The association invites some 80 artists to participate with paintings, sculptures, drawings, prints, fabric art, jewelry, photography, ceramics, and glass as well as mixed-media works. Hours are 10 a.m. to 6 p.m. on Saturday and 10 a.m. to 5 p.m. on Sunday.
In conjunction with the festival, the association will open the Depot Art Gallery on both days, with a preview of its annual members’ art show, which opens officially on Friday, June 3. There will be a members’-show reception the evening of June 5 from 5 to 7; it closes June 14.
The gallery and Depot Art School will be open through September with shows and classes every week. The Web site is montaukartistsassociation.org.
NEA Grant Goes to Parrish
The National Endowment for the Arts will provide the Parrish Art Museum with a grant of $60,000 to support the installation of its permanent collection in its new building in Water Mill.
The Parrish’s future home, scheduled to open next summer, will have three times the gallery space of its current facility. The size will allow the museum to present, for the first time, a significant permanent installation of its collection while simultaneously holding special exhibitions. Also next summer, the museum will reveal a revamped Web site, which will offer a virtual tour of the installation and in-depth interpretive material.
“Visitors will see and experience works such as William Merritt Chase’s ‘The Bayberry Bush,’ paintings by Fairfield Porter, and contemporary art by such American masters as Chuck Close,” said Terrie Sultan, the Parrish’s director, in a press release.
The grant is part of an $88 million annual budget the federal agency has at its disposal to support projects nationwide.
Meanwhile, the Parrish is participating this season in “Blue Star Museums,” a national effort to provide free access to museums for active-duty military personnel and their families from Memorial Day to Labor Day. The program is a partnership between the N.E.A, Blue Star Families, and 1,300 other participating museums.
Delaney Cooke Gets New Space
Delaney Cooke Gallery will open for the summer in a new location, in the Haven’s House art space at 17 Madison Street, Sag Harbor.
The gallery will begin its season with a presentation of work by Michael Knigin and Joan Kraisky. Mr. Knigin, who died earlier this year, will be represented with early collages brought together with later paintings and prints. Ms. Kraisky, who was married to Mr. Knigin, will show mixed-media pieces and landscape paintings.
The show will open on Saturday with a reception from 6 to 8 p.m. and will be on view through June 12.

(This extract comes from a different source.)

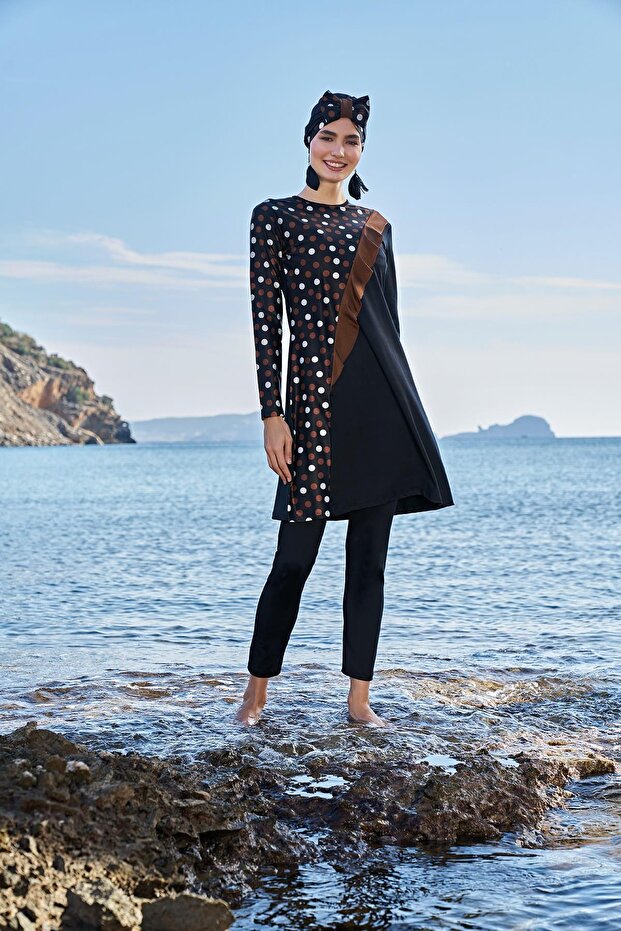 23107 Cross Polka Dot Micro Lycra Fabric Full Modest Swimsuit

Abrams’s Hitchcock at Boltax
Boltax Gallery on Shelter Island will open the summer season with “Painting Hitchcock,” a series by John Abrams, opening tomorrow.
Mr. Abrams, who is based in Toronto, is returning to the gallery for his second show. His latest series of paintings focuses on Alfred Hitchcock, exploring themes familiar to viewers of the director’s work: relationships and identity, objectification and voyeurism. The work includes images in both Technicolor and black and white of easily recognizable actors from the Hitchcock oeuvre, at moments of telling psychological revelation.
Karen Boltax, who owns the gallery, in a press release offered the example of a scene from the film “Rear Window” in which Grace Kelly’s character picks up a fashion magazine and puts down the travel book she had been reading to please Jimmy Stewart’s character. “That moment of self-satisfaction is the moment I wanted to capture,” Mr. Abrams told Ms. Boltax.
An artist’s reception will be held at the gallery, on North Ferry Road, on Saturday from 6 to 8 p.m. The exhibit runs through June 13.